§ What is required
Unless it is a picture, every line from the start of the entries through the line with "Good afternoon, everyone." must be retyped exactly.

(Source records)
----------------
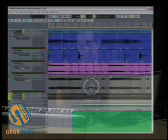Hi, I'm Tom Beyer from Cakewalk. We're going to look at an in-depth tour of Sonar 6, but first let's start off with some of the new features.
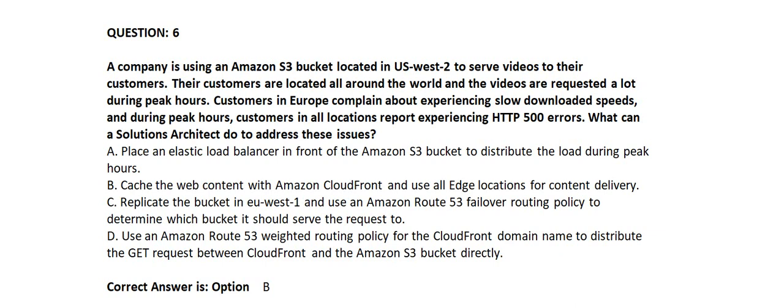Option C: Replicate the bucket in EU-West-1 and use an Amazon Route 53 failover routing policy to determine which bucket it should serve the request to. Option D: Use an Amazon Route 53 weighted routing policy for the CloudFront domain name to distribute the GET request between CloudFront and the Amazon S3 bucket directly.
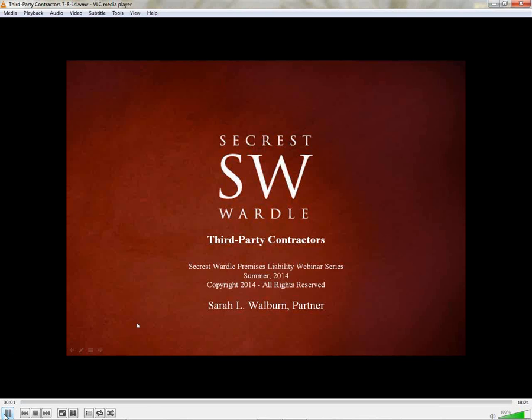Good afternoon, everyone. My name is Sarah Walburn. I'm a partner here at Seacrest Wardle, and my topic for today is third-party contractors.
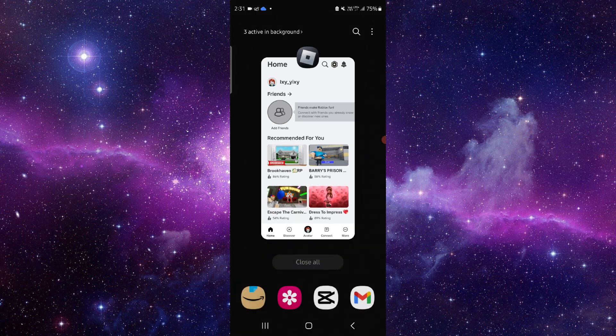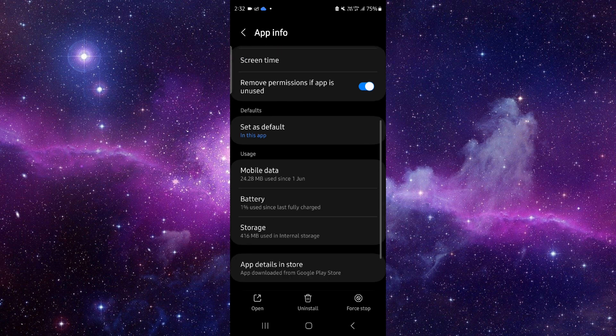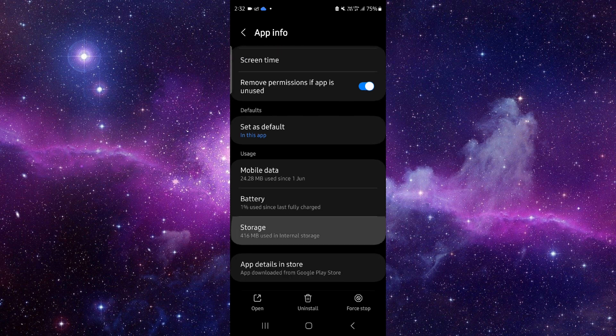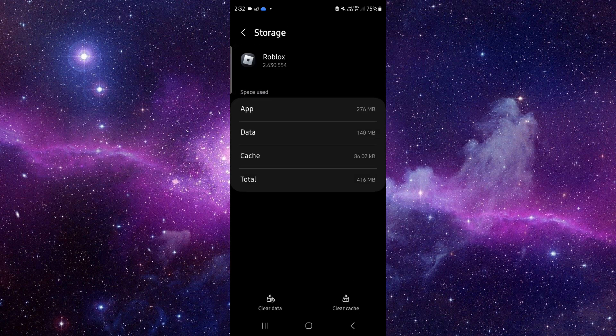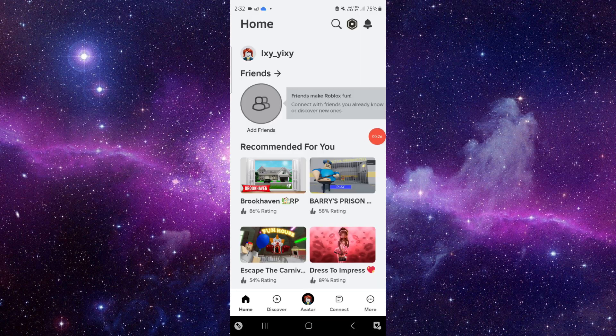You have to click on app info. Then here you can just go to storage, clear cache, then you have to open it again and it would be fixed.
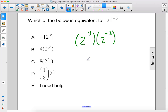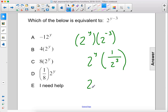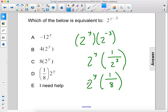2 to the negative third power is 1 over 2 to the third power, which is equivalent to 1 over 8 because 2 to the third power is 8. So this is as simplified as we can get. The answer is D.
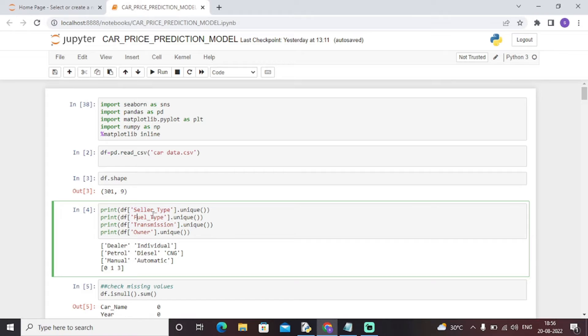Fuel Type has three unique values: Petrol, Diesel, and CNG. Transmission has two values: Manual and Automatic. Owner has three values: zero, one, and three.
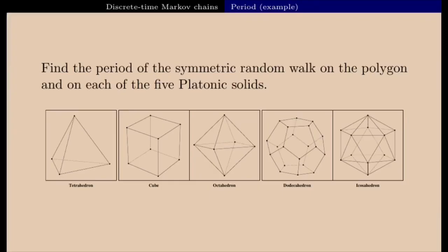Hi everyone, welcome back to my videos on discrete Markov chains. In this video I'm going to show you, looking at examples, how we can find the period of an irreducible Markov chain. A good example to illustrate this is to consider the symmetric random walk on connected graphs. We will look at the symmetric random walk on all possible polygons and on the five platonic solids.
----------------
§ Response to the exercise
Hi, I'm Tom Beyer from Cakewalk. We're going to look at an in-depth tour of Sonar 6, but first let's start off with some of the new features.
Option C: Replicate the bucket in EU-West-1 and use an Amazon Route 53 failover routing policy to determine which bucket it should serve the request to. Option D: Use an Amazon Route 53 weighted routing policy for the CloudFront domain name to distribute the GET request between CloudFront and the Amazon S3 bucket directly.
Good afternoon, everyone. My name is Sarah Walburn. I'm a partner here at Seacrest Wardle, and my topic for today is third-party contractors.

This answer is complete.